Suppose now that \(X\) is real-valued. In the section on covariance and correlation, we found that the best linear predictor of \(Y\) given \(X\) is
\[ L(Y \mid X) = \E(Y) + \frac{\cov(X,Y)}{\var(X)} \left[X - \E(X)\right] \]
On the other hand, \(\E(Y \mid X)\) is the best predictor of \(Y\) among all functions of \(X\). It follows that if \(\E(Y \mid X)\) happens to be a linear function of \(X\) then it must be the case that \(\E(Y \mid X) = L(Y \mid X)\).

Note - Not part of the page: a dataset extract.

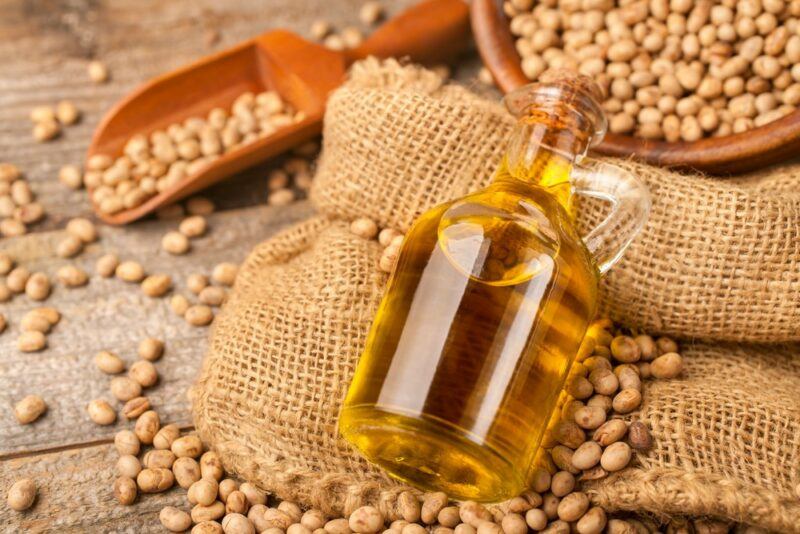 Sacks with soybeans and a bottle of soybean oil, including a bowl and a scoop of soybeans in the background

However, we will give a direct proof also:
If \(\E(Y \mid X) = a + b X\) for constants \(a\) and \(b\) then \( \E(Y \mid X) = L(Y \mid X) \); that is,
- \(b = \cov(X,Y) \big/ \var(X) \)
- \(a = \E(Y) - \E(X) \cov(X,Y) \big/ \var(X) \)
Proof
First, \( \E(Y) = \E\left[\E(Y \mid X)\right] = a + b \E(X) \), so \( a = \E(Y) - b \E(X) \). Next, \( \cov(X, Y) = \cov[X \E(Y \mid X)] = \cov(X, a + b X) = b \var(X) \) and therefore \( b = \cov(X, Y) \big/ \var(X) \).
Conditional Variance
The conditional variance of \( Y \) given \( X \) is defined like the ordinary variance, but with all expected values conditioned on \( X \).
The conditional variance of \(Y\) given \(X\) is defined as \[ \var(Y \mid X) = \E\left(\left[Y - \E(Y \mid X)\right]^2 \biggm| X \right) \]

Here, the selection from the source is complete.